What's even more alarming is that the average annual interest rate of these consumer loans is about 15 percent, which is a step away from the 15.4 percent bottom line of the highest annual interest rate for private loans stipulated by the Chinese regulators.

Put finance under regulation

Chinese authorities may have realized that an unregulated fintech sector growing exponentially at the expense of the incumbents could have provoked a domestic financial market relying on a state-owned banking system that employs a large portion of the country's population, which is unquestionably detrimental to the real economy.

Vice Finance Minister Zou Jiayi said at the Bund Summit on October 24 that fintech hasn't changed the nature of finance relying on credit and conducting leverage, and fintech firms must not be allowed to dodge regulation. 

On November 2, China's financial regulators conducted a rare joint regulatory talk with Jack Ma and top executives of Ant Group. In the evening that day, the China Banking and Insurance Regulatory Commission and the People's Bank of China went on record as saying they had set about seeking public opinions on the interim measures for supervising online small lending.

Although the measures are not only specifically aimed at Ant, the combo boxing paired with the regulatory talk still spells out in sharp detail that the tycoon's lending business has ushered in the first year of stringent supervision.

In accordance with the draft rules, a microloan lender's balance of financing accumulated via issuing standard credit assets such as bonds and asset-backed securities should by no means exceed four times the size of its net assets.

The balance of online microloans issued to individuals shall not exceed the 300,000 yuan threshold (44,836 US dollars) and must not surpass one-third of the average annual income of the borrowers in the last three years, which points to the fact that individuals with no stable income or proof of income may not get online microloans from these lenders.

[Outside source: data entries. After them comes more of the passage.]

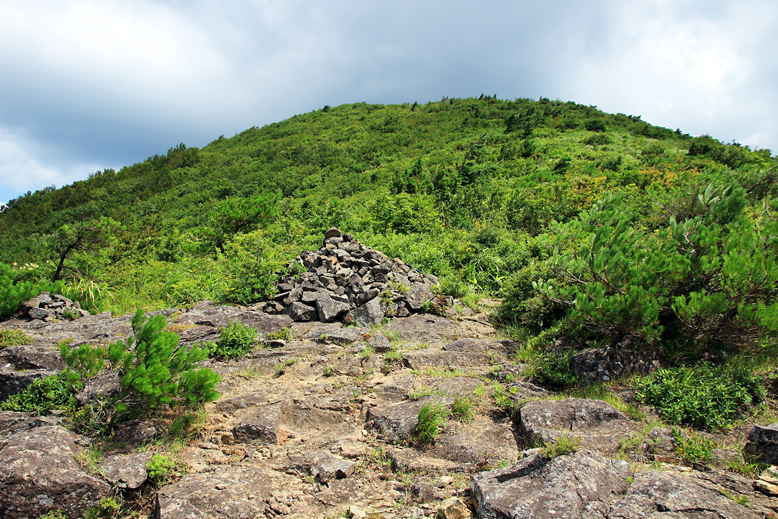 山形神室岳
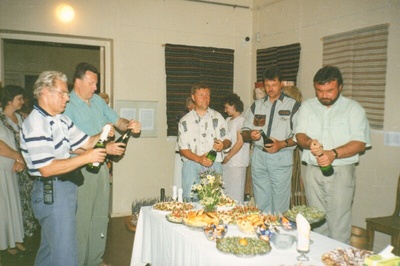 värvifoto Järvamaa Muuseumi direktori Tiiu Saaristi 50.sünnipäev ja 25.tööjuubel 1997  similar photo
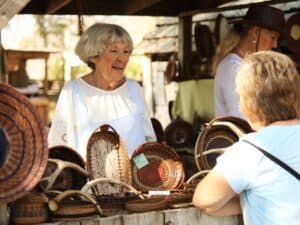 Pine Needle Basket Weaving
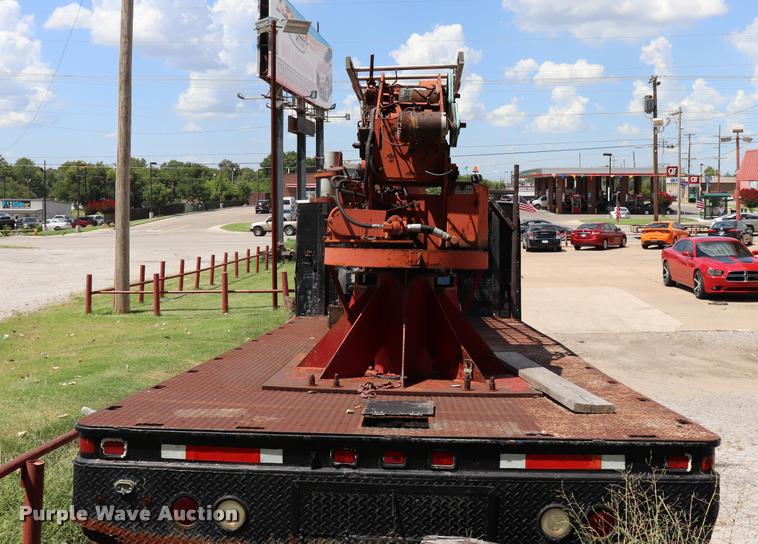 image for item DK9567 1993 Freightliner FL80 crane truck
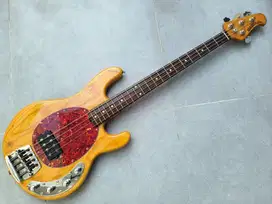 vintage bass Music Man Stingray Natural 1993 upgraded Nordstrand PU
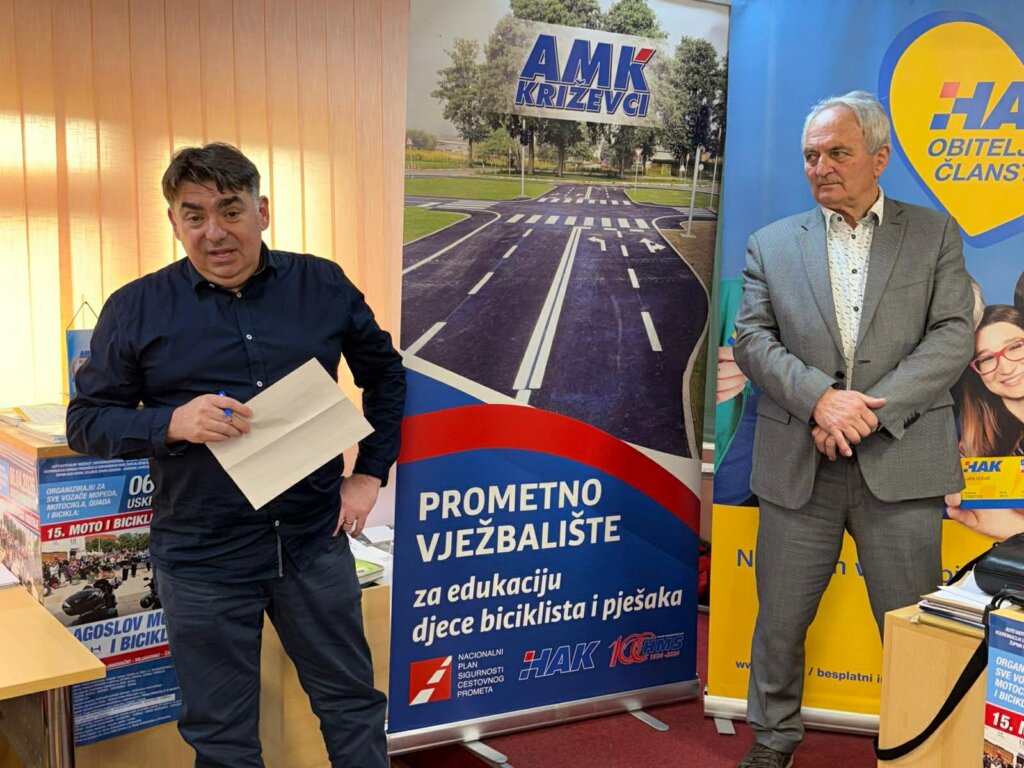 36e4cbc6 A3a9 4522 8c37 86176e2b58e6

It also requires online small lenders to provide at least 30 percent of any loans they fund jointly with banks. This will unquestionably push microloan lenders to cut back on their financial leverage, industry insiders said.

After the Shanghai Stock Exchange announced on Tuesday evening the postponement of Ant Group's listing on the Nasdaq-style STAR Market, the fintech giant announced later on the same day the suspension of its listing in Hong Kong.

This may also mean that the company has to conduct self-adjustment and review from the inside out to let the tech be tech and put finance under supervision.

(Cover: A logo of Ant Group is pictured at the company's headquarters, an affiliate of Alibaba, in Hangzhou, Zhejiang province, China October 29, 2020. /Reuters)

Correction: The story has been updated to reflect the latest figure of Ant Group's monthly active users. The earlier version also mistook the time the company spun out of Alibaba as 2004.